Forte della sua esperienza ed intelligenza, il vecchio ratto riesce ad avere la meglio ingannando il nemico che fisicamente gli era superiore. La freddezza con cui Splinter “uccide” Shredder in nome del defunto maestro, rappresenta al meglio il principio alla base dell’equilibrio karmico.
Uccidendo Hamato Yoshi, Shredder ha messo in moto gli eventi che hanno portato alla nascita delle Tartarughe, e quindi della sua rovina, messa in scena con un distacco tipicamente orientale. Morte chiama morte. Vendetta genera altra vendetta.
Altro combattimento breve ma molto intenso tratto di una serie orientaleggiante, in questo caso Xiaolin Showdown. Nell’episodio Il cacciatore di incubi Raimundo Pedrosa, a causa di un piano ordito da Hannibal Roy Bean, uno dei principali antagonisti della serie, si ritrova impossibilitato a dormire. Se lo facesse, si manifesterebbe una bestia dalle sembianze di medusa gigante (in realtà frutto dell’uso combinato degli Shen Gon Wu Drago Zaffiro e Ombra della della paura).
Raimundo, pur passando molto tempo insonne nel tentativo di bloccare la fuoriuscita del mostro, alla fine cede e si addormenta, costringendo i suoi compagni a combattere il Drago Zaffiro, mentre lui, nella propria mente, affronta Hannibal.
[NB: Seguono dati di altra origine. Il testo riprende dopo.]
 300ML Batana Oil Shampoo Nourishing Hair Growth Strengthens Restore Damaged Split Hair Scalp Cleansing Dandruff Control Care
Le scene oniriche che si susseguono nella psiche di Raimundo sono molto suggestive e inscenano una surrealità figlia della scuola di David Lynch (non siamo a quei livelli, ma nella sua modestia ne esce bene).
In compagnia del suo inconscio, rappresentato come un sé stesso da bambino, Raimundo riesce a superare le proprie paure e le proprie insicurezze, in particolare il suo complesso d’inferiorità dovuto al sentirsi inadatto al ruolo di guerriero Shaolin, scacciando Hannibal dalla sua testa dopo una sequenza cosmica d’impatto che non sfigurerebbe in un fumetto di Jim Starlin.